The diff coverage is 85.71%.

@@            Coverage Diff             @@
##           master    #2706      +/-   ##
==========================================
- Coverage    75.9%   75.89%   -0.01%     
==========================================
  Files         338      338              
  Lines       59594    59598       +4     
==========================================
- Hits        45233    45232       -1     
- Misses      14361    14366       +5

@astaric
Copy link
Member

astaric commented Oct 24, 2017

Great. Now please update the description of the pull request with the description of the problem (what are we trying to solve) and the proposed way to fix it. If there are alternative ways we could do this, list those as well so we can discuss and find out which of them should be implemented.

@astaric
Copy link
Member

astaric commented Oct 24, 2017

Which of the issues does this PR solve? If I understand correctly, problems 1. and 3. remain even after the fix.

Furthermore, I do not like the addition of a new "base class". Variable already has method is_primitive. Why not use that?

Are there any other ways this could be solved? What are their (dis)advantages? Why should use the fix in this PR and not one of the alternative approaches?

@janezd
Copy link
Contributor

janezd commented Oct 24, 2017

Furthermore, I do not like the addition of a new "base class". Variable already has method is_primitive. Why not use that?

So you can call domain.all(PrimitiveVariable). (Or domain.whatever(PrimitiveVariable).) That's the whole purpose - so you no longer need (var for var in chain(domain, domain.metas) if var.is_primitive).

@astaric
Copy link
Member

astaric commented Oct 24, 2017

domain.all(Variable.is_primitive)?

@janezd
Copy link
Contributor

janezd commented Oct 24, 2017

class Domain:
    ...
    def all(self, pred):
       return [var for var in chain(self, self.metas) if pred(var)]

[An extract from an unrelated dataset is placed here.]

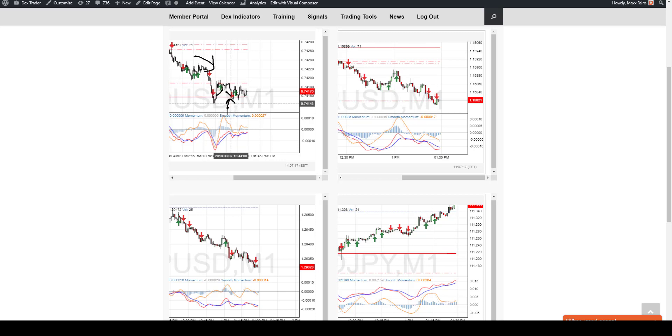That was the reason why I didn't take that particular trade compared to taking this one over here where we had the downtrend, we had the pullback, and then the signal, the firing signal for continuation for the trend.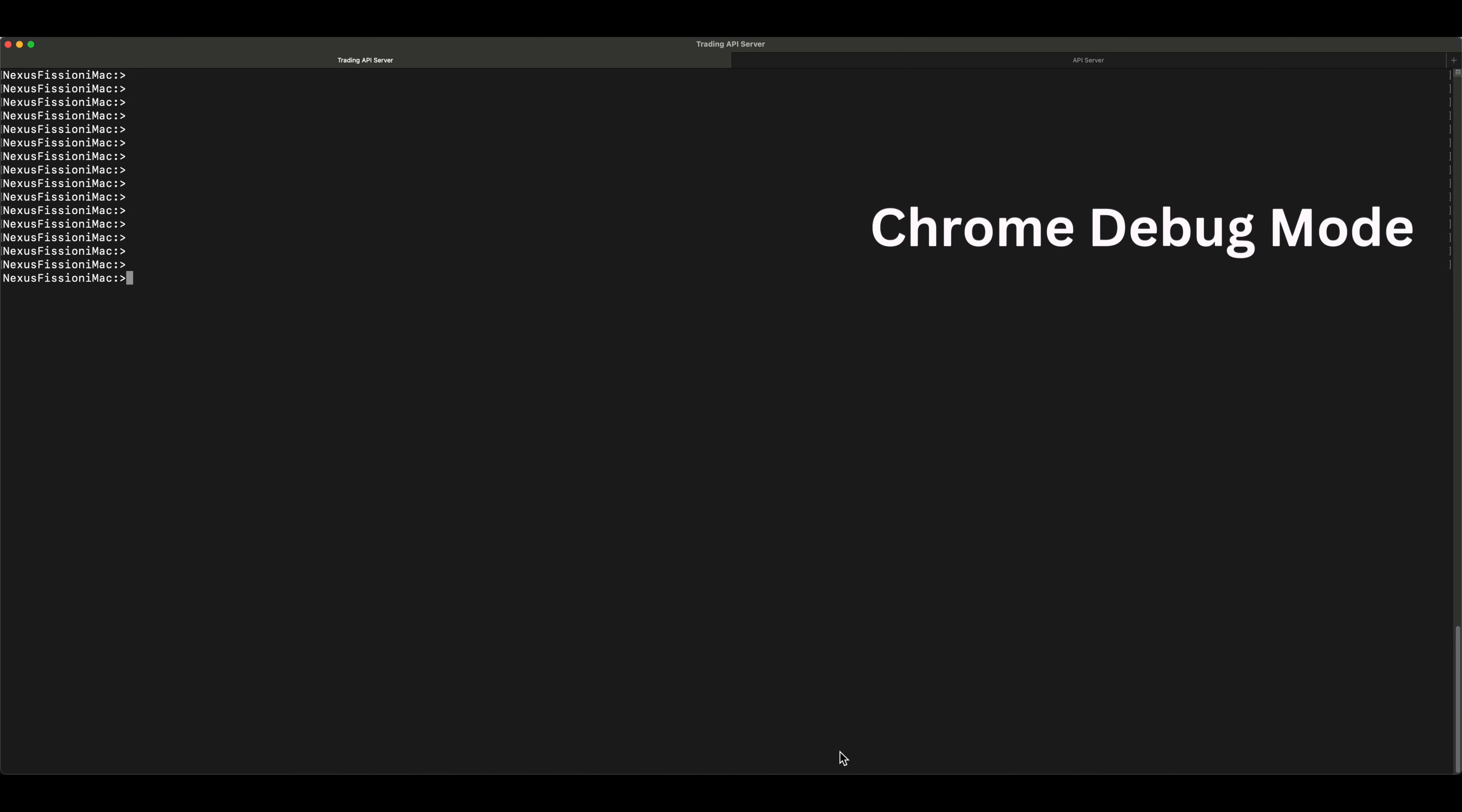Let me show you an automated way for creating an alert. I'm going to use Chrome in a debug mode. Then I'm going to use Selenium, which is a UI automation framework. Finally, I'll be using the Python script, which is easy for execution and maintenance.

Interesting. And it can be called all.

@astaric
Copy link
Member

astaric commented Oct 24, 2017

I would still like to know what are the alternatives. The correct way IMHO would be to fix __iter__.

@kernc
Copy link
Contributor

kernc commented Oct 24, 2017

👍² for fixing __iter__.

The predicate nature of input parameter is precisely why .filter() or .where() could work.

👎 for .all(), which has a well-established meaning throughout.

@janezd
Copy link
Contributor

janezd commented Oct 24, 2017

Fixing __iter__: I enthusiastically agree, but it will be difficult to find all places that need to be adapted.

all: sorry, I meant filter. If __iter__ is fixed, there may be no need for a filter method. If __iter__ stays broken, filter method would help.

@jerneju
Copy link
Contributor Author

jerneju commented Oct 25, 2017

Yes, fixing __iter__ would be great. @janezd ?

@janezd
Copy link
Contributor

janezd commented Oct 25, 2017

Yes, fixing iter would be great. @janezd?

Me? No chance. Too risky. I've no idea how to scan through all current iterations through Domain. Any place I miss would add metas in a place where only variables and classes are expected, possibly adding non-primitive attributes to a method that deals only with primitive ones.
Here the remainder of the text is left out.